### Information provided
◆ ◆ ◆ ◆

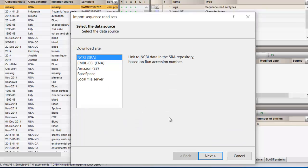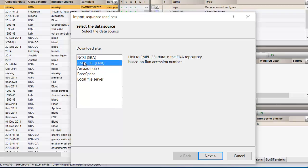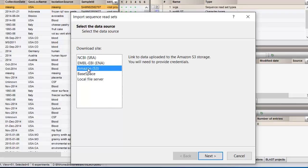Here you have an overview of the available data sources where you can link to. Depending on the choice of import, other parameters may be queried in the Import Sequence Read Sets dialog box.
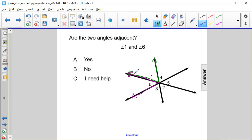Now since this middle ray between angle 1 and angle 6 is a common ray that they both share, and they both start at the same vertex, yes indeed, they are adjacent.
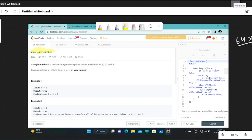For example, 6 equals 2 times 3, and both 2 and 3 belong to the set {2, 3, 5}, so we return true. In the second example, n equals 1 — it has no prime factors, so all of its prime factors are trivially limited to 2, 3, and 5, and we return true. But if a number has a prime factor like 7, we return false.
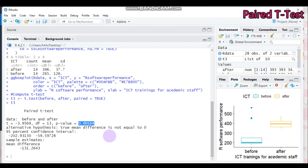By this way, you can analyze the difference between before and after the training using the Paired T-Test. This is all about today's tutorial. If you have any questions regarding my tutorial, don't forget to provide your comments, suggestions, and questions in the YouTube comment box as well as my email. Thank you for watching. Have a nice time.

◆ ◆ ◆ ◆

### Work to complete
Reproduce the material word for word. Any pictures should be left out of the copy.

### Task solution
Here you have an overview of the available data sources where you can link to. Depending on the choice of import, other parameters may be queried in the Import Sequence Read Sets dialog box.
Now since this middle ray between angle 1 and angle 6 is a common ray that they both share, and they both start at the same vertex, yes indeed, they are adjacent.
For example, 6 equals 2 times 3, and both 2 and 3 belong to the set {2, 3, 5}, so we return true. In the second example, n equals 1 — it has no prime factors, so all of its prime factors are trivially limited to 2, 3, and 5, and we return true. But if a number has a prime factor like 7, we return false.
By this way, you can analyze the difference between before and after the training using the Paired T-Test. This is all about today's tutorial. If you have any questions regarding my tutorial, don't forget to provide your comments, suggestions, and questions in the YouTube comment box as well as my email. Thank you for watching. Have a nice time.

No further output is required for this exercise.